Records drawn from a dataset
--------------------
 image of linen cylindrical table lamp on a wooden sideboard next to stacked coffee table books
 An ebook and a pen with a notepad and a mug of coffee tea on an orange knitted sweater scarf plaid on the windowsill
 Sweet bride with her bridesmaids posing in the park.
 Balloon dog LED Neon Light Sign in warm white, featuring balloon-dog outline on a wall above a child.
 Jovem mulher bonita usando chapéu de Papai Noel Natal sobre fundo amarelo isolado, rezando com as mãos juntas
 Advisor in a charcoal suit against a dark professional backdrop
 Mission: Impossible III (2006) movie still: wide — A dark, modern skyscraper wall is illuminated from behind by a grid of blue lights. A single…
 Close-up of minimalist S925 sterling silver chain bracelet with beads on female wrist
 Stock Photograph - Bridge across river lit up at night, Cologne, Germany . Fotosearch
--------------------
Work request :: What is needed is an exact copy of every record above.

Response area ::
 image of linen cylindrical table lamp on a wooden sideboard next to stacked coffee table books
 An ebook and a pen with a notepad and a mug of coffee tea on an orange knitted sweater scarf plaid on the windowsill
 Sweet bride with her bridesmaids posing in the park.
 Balloon dog LED Neon Light Sign in warm white, featuring balloon-dog outline on a wall above a child.
 Jovem mulher bonita usando chapéu de Papai Noel Natal sobre fundo amarelo isolado, rezando com as mãos juntas
 Advisor in a charcoal suit against a dark professional backdrop
 Mission: Impossible III (2006) movie still: wide — A dark, modern skyscraper wall is illuminated from behind by a grid of blue lights. A single…
 Close-up of minimalist S925 sterling silver chain bracelet with beads on female wrist
 Stock Photograph - Bridge across river lit up at night, Cologne, Germany . Fotosearch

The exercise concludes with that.